ENTREPRISES RESPONSABLES

C’est un changement radical pour Camif. Le distributeur de meubles et d’appareils électroménagers a banni de son catalogue tous les produits fabriqués en dehors de l’Union européenne. L’entreprise mise sur le local et le durable quitte à ce que cette décision plombe à court terme son bilan. Une question de cohérence avec le statut d’entreprise à mission de Camif, défend Emery Jacquillat, son PDG.

Camif fait du tri dans son catalogue.

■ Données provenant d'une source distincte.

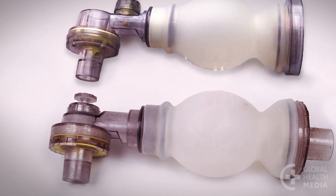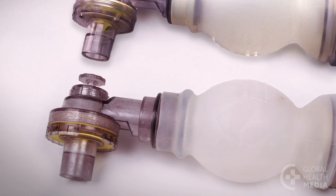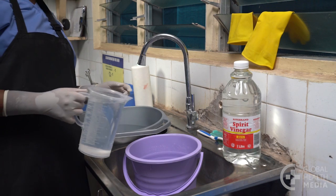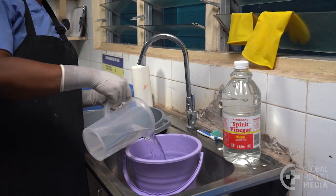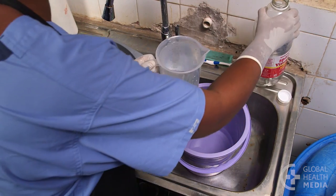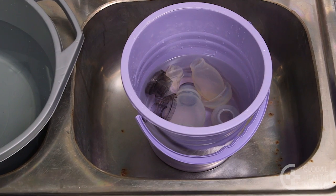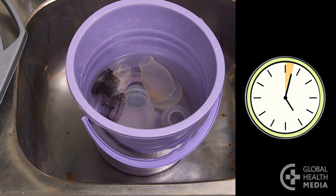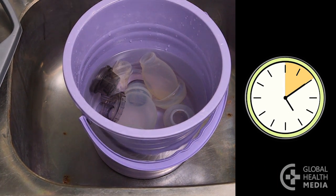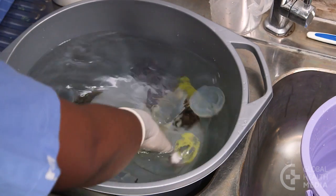If you see a light chalky material on the equipment, it's likely to be a build-up of minerals and should be removed. Make a solution of equal parts water and white household vinegar. Soak the submerged pots in the solution for ten minutes. Then rinse them in a bucket of clean water until they no longer smell of vinegar.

Le site de vente en ligne, qui se veut une référence de l’ameublement local et durable, a annoncé, cet été, ne plus vendre de produits fabriqués en dehors de l’Union européenne. Une décision qui n’a pas été facile à prendre alors qu’en 2020, 20 % du chiffre d’affaires de la société étaient liés à des produits fabriqués en Asie, essentiellement en Chine. 

“Aujourd’hui chez Camif, plus aucun produit ne fait le tour de la planète. De la sélection de la matière à l’emballage en passant par le design, toute la fabrication de nos produits est la plus locale possible. Un engagement qui nous a fait renoncer à certains univers, plusieurs matières, quelques partenaires”, explique l’entreprise. “Pour le mobilier de jardin ou encore certains électroménagers comme les fours, on a dû réduire considérablement notre offre car nous n’avons pas encore trouvé d’alternative locale”, précise Emery Jacquillat, le PDG de Camif.

78 % des produits sont français

Ce dernier s’attend ainsi à ce que cette décision ait, à court terme, un impact négatif sur le bilan de Camif mais espère un report sur les produits fabriqués en France. “Il faut jouer la carte de la qualité, du durable. On ne va pas miser sur une compétitivité liée au prix”, avance celui qui a repris l’entreprise en 2009. Camif espère ainsi tirer son épingle du jeu alors qu’aujourd’hui 78 % de son catalogue est français et que ses plus gros concurrents comme Amazon ne répondent pas à l’appétence des consommateurs vers des produits plus respectueux de l’environnement. 

L’intérêt est avant tout écologique et social. Relocaliser la production permet de limiter les kilomètres parcourus, de répondre à des normes sociales et environnementales élevées mais aussi de créer un lien de qualité avec les fournisseurs. Surtout, cette décision s’inscrit dans la démarche d’entreprise à mission dans laquelle Camif s’est lancée début 2018. Ce fut une des premières entreprises à inscrire dans ses statuts sa mission sociale. 

“C’est une décision de cohérence qui répond aux objectifs sociaux et environnementaux que nous nous sommes fixés dans le cadre de notre politique RSE (responsabilité sociale de l’entreprise, NDR)”, explique Emery Jacquillat. Camif vise en effet à dynamiser l’emploi dans les territoires, notamment en passant par la relocalisation mais aussi à transformer l’entreprise et à participer à la réinvention des filières. Sur ce dernier point, l’entreprise pousse au développement de filières françaises sur des produits aujourd’hui peu ou pas fabriqués dans l’Hexagone ou dans l’Union européenne. Le but est ainsi d’influencer la politique de sourcing des autres distributeurs et de créer un effet d’entraînement qui puisse avoir un vrai impact.